With the help of a document camera, tasks are projected onto the screen (from the workbook "History of Russia in the 19th century, grade 8" publishing house "Exam", M. 2013). Independent performance by students of tasks.

Task 5.1.

  1. Alexander III came to the throne in ___________. (1881)
  2. Statesman, chief prosecutor of the Synod, educator of Alexander III, who enjoys strong influence at the court ______________. (Pobedonostsev K.P.)
  3. The law on the mandatory redemption of their allotments by peasants was adopted in ______ (12/28/1881)
  4. The abolition of the poll tax was carried out by the Minister of Finance ___________ (N.H. Bunge)
  5. The exit of peasants from the community was limited by law ____________ (1893 - preservation of the community)
  6. Night work of women and underage children was banned in _________ (1885)
  7. “Okhranka” was called __________ (departments for the protection of order and public security in the 80s)
  8. The Circular "On the Cook's Children" was adopted in ____________ (1887)
  9. The law on zemstvo district chiefs was adopted with the aim of _______ (1889, to control the self-governing communities of peasants, resolved land disputes, minor loans)
  10. A new city regulation, raising the property qualification, intensifying the intervention of the authorities in the affairs of city self-government, was published in ______ (1892)

Task 5.2.

  1. Note the directions in the policy of Alexander III that contributed to the economic development of the country.
  2. Establishment of the Peasants' Bank
  3. Creation of the “Department for the protection of order and public security” under the gendarmerie
  4. The law on the limitation of fines, the introduction of pass books that specified the conditions for hiring a worker
  5. Law on limiting the exit of peasants from the community
  6. "Purge" of libraries - the removal of books prohibited by censorship
  7. Decree on the mandatory redemption of allotments - the termination of the temporarily obligated state of peasants
  8. Construction of the Trans-Siberian Railway
  9. The new city regulation, which significantly increased the electoral qualification and declared the mayors and members of the councils to be in the civil service
  10. Excess of export of Russian goods over import of foreign

Keys: 1, 6, 7, 9

Task 5.3.

Which three of the following characteristics characterized the Industrial Revolution in Russia?
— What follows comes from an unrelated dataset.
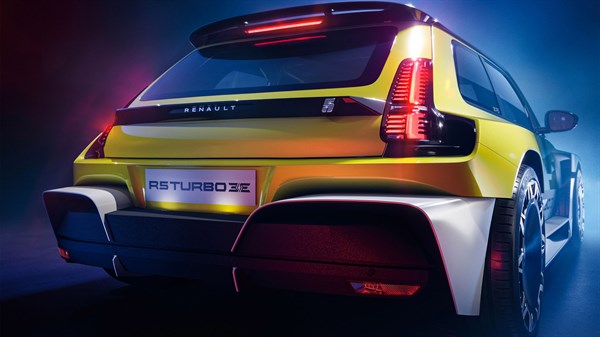 Stražnji pogled na vozilo R5 Turbo 3E E-Tech electric sa svjetlima u punom sjaju, u ambijentu plavo-ljubičaste pozadine.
Circle the numbers under which these lines are indicated.

  1. railway construction
  2. appearance of the first exchanges
  3. increase in state investments in science
  4. high rates of development of manufactories
  5. serfdom
  6. rapid pace of development of the textile industry

Keys: 1, 2, 6

Self-checking of completed tasks. The answers are projected onto the screen. Students give marks according to the criteria for correct answers:

  • 8-12 – “3”
  • 13-15 – “4”
  • 16-17 – “5”

6. Summing up.SLIDE 22

The teacher asks you to answer the following questions:

How do you see the progressiveness of the economic reforms carried out during the reign of Alexander III? Which of the ongoing reforms confirm that the king was really "muzhik"? What other reforms would you suggest?

7. SLIDE 23 Homework:

  • Setting the baseline: What are the features of the industrial revolution in Russia.
  • Advanced level task: Compare the position of the Russian and French peasants in the second half of the 19th century. What were the main differences?